Portraits et autoportraits d’écrivains sur écrans (cinéma, audiovisuel, web)

Publié le par Marc Escola (Source : Marion Brun)

Portraits et autoportraits d’écrivains sur écrans (cinéma, audiovisuel, web)

L’« image d’auteur » et sa représentation médiatique sont des axes de recherche prépondérants dans les analyses littéraires actuelles : les outils élaborés par Dominique Maingueneau[1], Ruth Amossy[2], José-Luis Diaz[3] ou encore Jérôme Meizoz[4] témoignent de la présence de l’écrivain comme acteur de la vie publique et culturelle. Parler de « portrait » déplace quelque peu le discours de la métaphore dramatique (« scène » ou « mise en scène ») vers la métaphore picturale qui met au cœur de la réflexion, l’image, fondamentale pour les arts et les médias cinématographique, audiovisuel et numérique. Cette journée d’étude s’inscrira dans ces perspectives de recherche en analysant particulièrement les stratégies de « visibilité[5] » et de « célébrité[6] » des écrivains à travers ces documents et les scénarios adoptés. 

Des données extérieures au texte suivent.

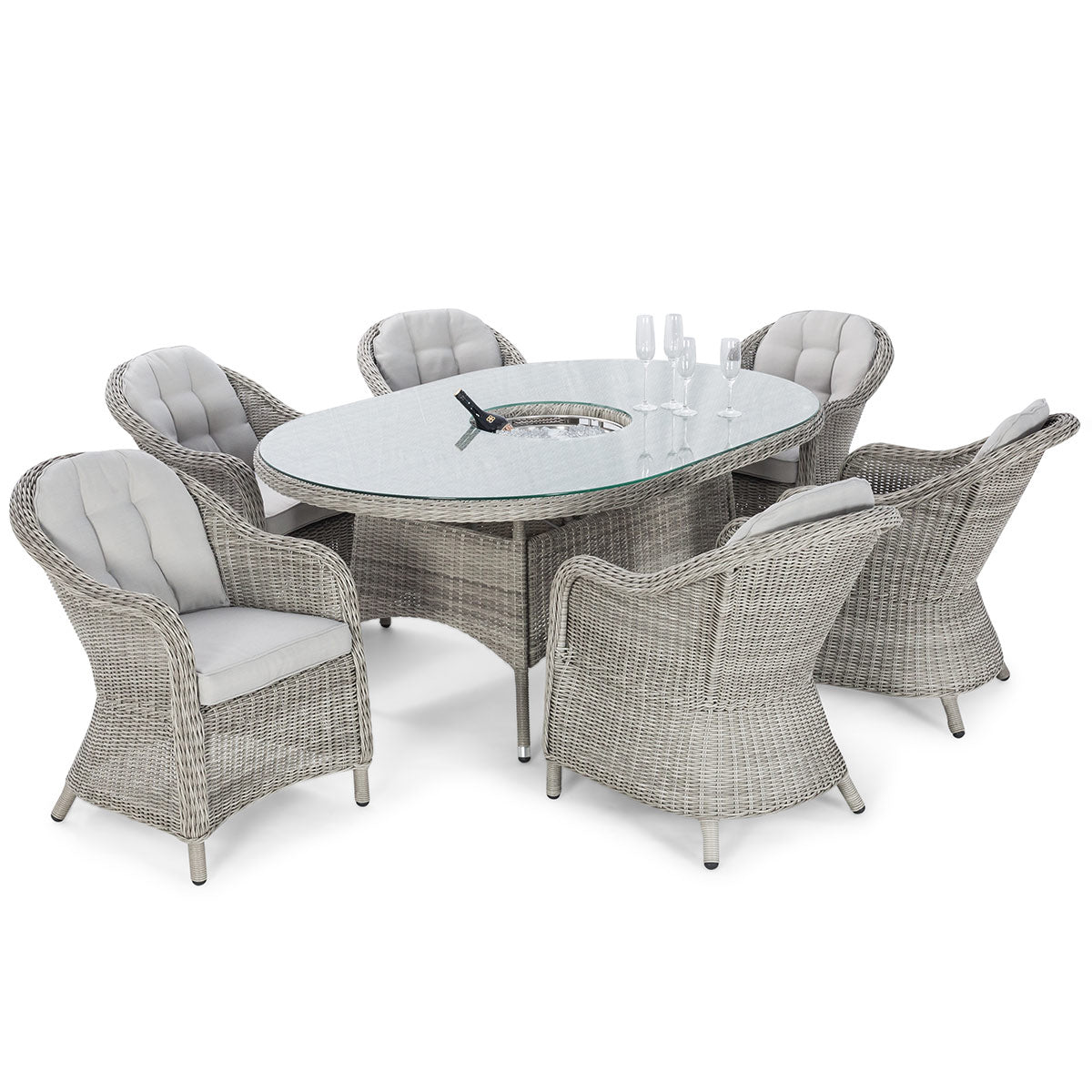 Oxford 6 Seat Oval Ice Bucket Dining Set with Heritage Chairs Lazy Susan in Light Grey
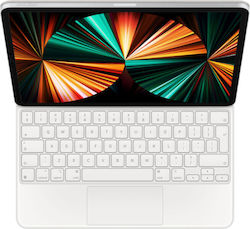 Apple Magic Keyboard for iPad Pro 12.9‑inch (6th Generation) Флип капак Силикон с Клавиатура Гръцки Бял (iPad Pro 2021 12.9" - iPad Pro 2021 12.9") MJQL3GR/A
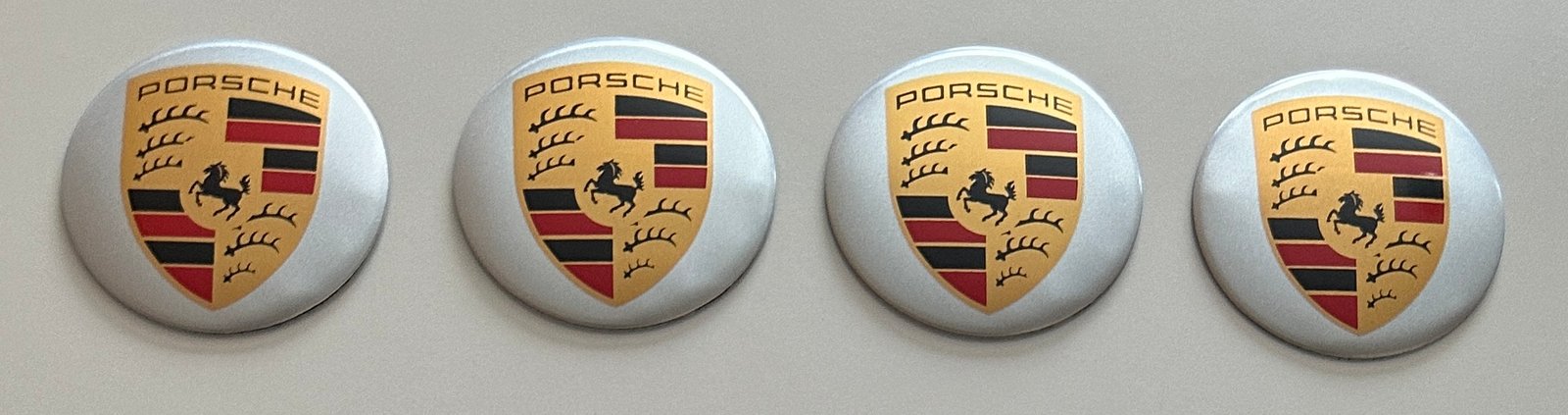 4 pcs (Set) 56mm - 2.20inch Silver Porsche Wheel Center Hub Caps Stickers - Image 4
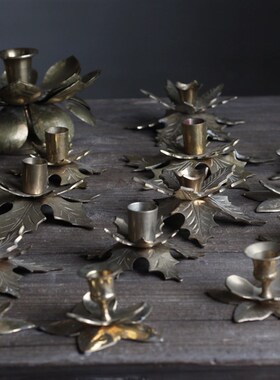 多头烛台 西洋旧物古董美t食静物摄影道具黄铜摆件【二店道具铺】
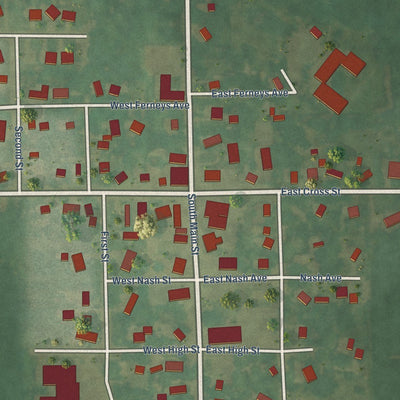 Close-up of the map of Clarksville, Michigan print showing street and building detail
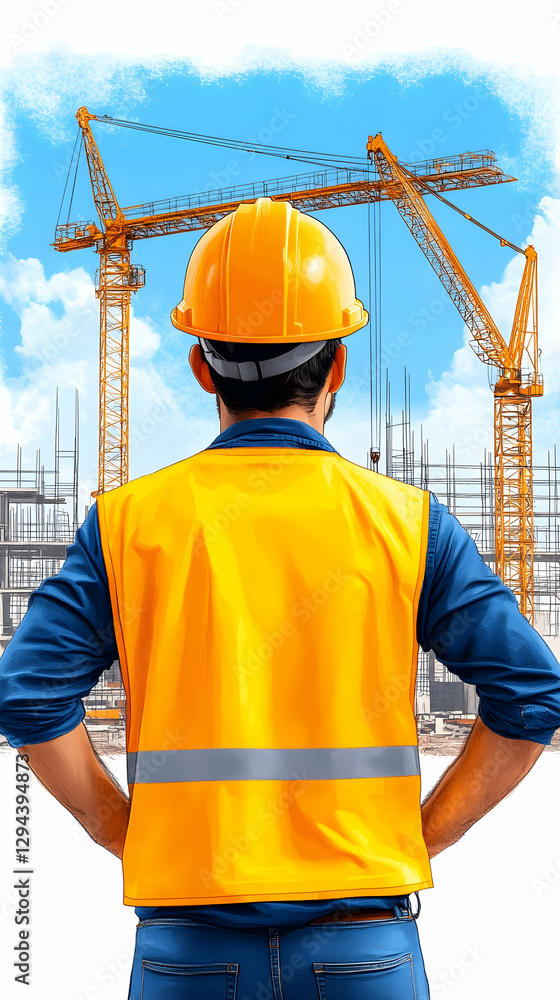 Construction worker overlooking a building site Construction worker overlooking a building site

Si le portrait du peintre au cinéma a été largement traité[7], ce qui témoigne du dialogue privilégié entre ces deux arts, celui de l’écrivain a rarement fait l’objet d’études d’ensemble. Le colloque « Portraits et autoportraits d’auteur : l’écrivain mis en images[8] » qui se tiendra le 12 et 13 octobre 2018 exclut l’image animée. La plupart des études consacrées au portrait d’écrivains s’intéresse davantage à l’image fixe et à la photographie qui paraissent dans les reportages et les entretiens de presse[9] ou radiophoniques (filmés) et que l’on peut sans doute tenir pour les origines du sujet considéré[10]. Sans doute le statisme de la posture attribuée à l’écrivain, couramment représenté en penseur et en rêveur « assis », s’accorde-t-il davantage avec la photographie qu’avec le cinéma, art du mouvement. Nadja Cohen consacre toutefois un dossier sur les Écrivains à l’écran[11] : quoique s’intéressant aux écrivains réels et fictifs, son étude traite surtout du personnage d’écrivain au cinéma. 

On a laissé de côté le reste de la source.